# Implementation Plan: Embellama Core Library
This document outlines the phased implementation plan for the `embellama` core library component. Each phase is designed to be independently implementable with clear deliverables and success criteria.
## Critical Design Constraint
**⚠️ IMPORTANT**: The `LlamaContext` from `llama-cpp-2` is `!Send` and `!Sync`. This means:
- Context cannot be moved between threads
- Context cannot be shared using `Arc`
- Each thread must own its model instance
- All concurrency must use message passing
## Phase 1: Project Setup & Core Infrastructure
### Objectives
Establish the foundational project structure, dependencies, and core error handling infrastructure.
### Tasks
- [x] Initialize Cargo project with appropriate metadata
- [x] Set package name, version, authors, description
- [x] Configure license (Apache-2.0)
- [x] Add repository and documentation links
- [x] Configure dependencies in `Cargo.toml`
- [x] Add `llama-cpp-2 = "0.1.117"` for model backend
- [x] Add `thiserror = "1.0"` for error handling
- [x] Add `anyhow = "1.0"` for application errors
- [x] Add `tracing = "0.1"` for structured logging
- [x] Add `serde = { version = "1.0", features = ["derive"] }` for serialization
- [x] Add `rayon = "1.8"` for parallel batch processing
- [x] Create module structure
- [x] Create `src/lib.rs` with module declarations
- [x] Create `src/error.rs` for error types
- [x] Create `src/config.rs` for configuration types
- [x] Create placeholder files for other modules
- [x] Implement error handling foundation (`src/error.rs`)
- [x] Define `EmbellamaError` enum with `thiserror`
- [x] Add variants for common error cases:
- [x] `ModelNotFound(String)`
- [x] `ModelLoadFailed { path: String, source: llama_cpp_2::Error }`
- [x] `EmbeddingFailed`
- [x] `InvalidInput(String)`
- [x] `ConfigurationError(String)`
- [x] Implement `From` conversions for underlying errors
- [x] Set up logging infrastructure
- [x] Configure `tracing` subscriber in examples/tests
- [x] Define logging macros/utilities if needed
- [x] Add instrumentation attributes to key functions
- [x] Add license headers to all source files
- [x] Create script or template for Apache 2.0 headers
- [x] Apply to all `.rs` files
### Success Criteria
- [x] Project compiles with `cargo build`
- [x] Basic error types are usable in tests
- [x] Logging produces output in examples
- [x] All files have proper license headers
### Dependencies
- None (first phase)
---
## Phase 2: Basic Model Management
### Objectives
Implement the core model loading and management functionality, respecting the `!Send` constraint.
### Tasks
- [x] Implement `EmbeddingModel` struct (`src/model.rs`)
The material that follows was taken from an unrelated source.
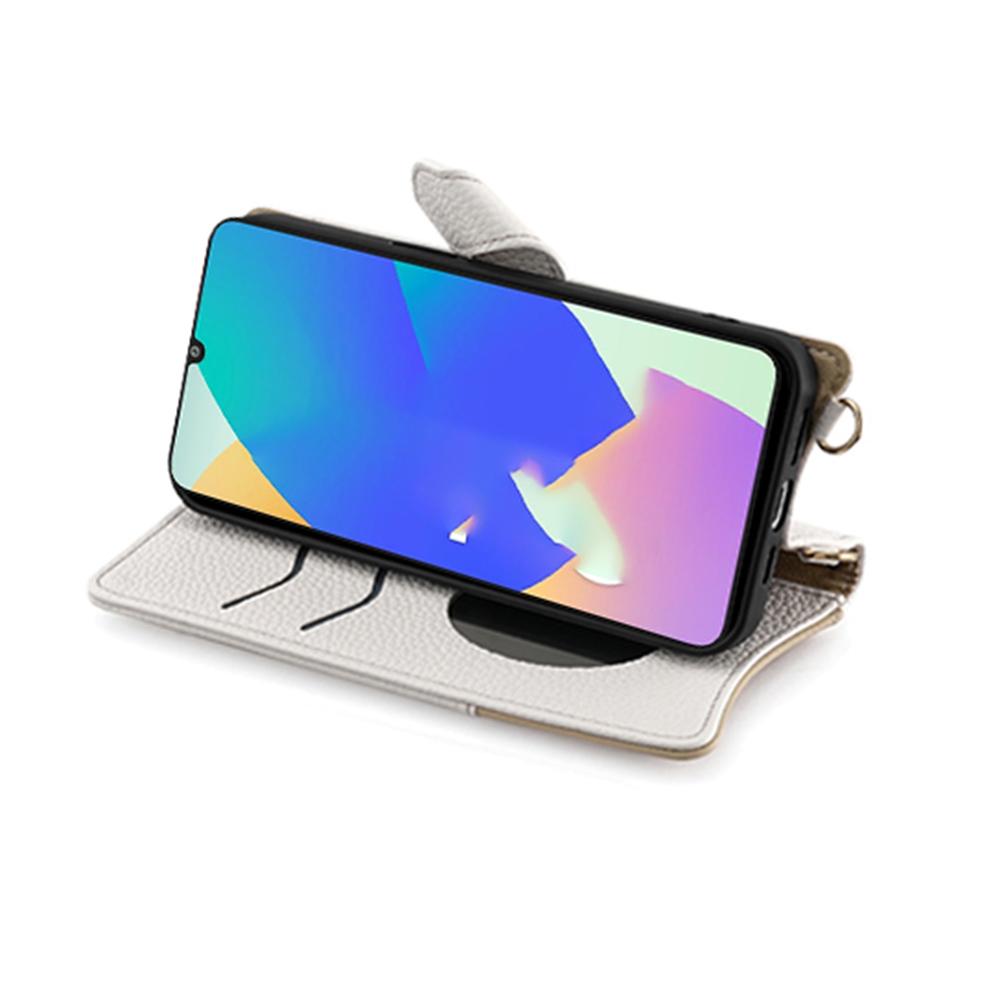 For Samsung Galaxy F06 5G Leather Case Wallet Stand Cover Irregular Tail Style with Chain Strap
- [x] Define struct using `self_cell` crate to handle self-referential fields
- [x] Use `ModelCell` to safely store both `LlamaModel` and `LlamaContext`
- [x] Ensure struct is marked as `!Send` (automatic due to `LlamaContext`)
- [x] Add model metadata fields (name, path, dimensions)
- [x] Implement model initialization
- [x] Create `new()` method accepting model path
- [x] Initialize `LlamaBackend` (once per process)
- [x] Load model with `LlamaModelParams`
- [x] Create context with `LlamaContextParams`
- [x] Configure thread count settings
- [x] Implement model configuration (`src/config.rs`)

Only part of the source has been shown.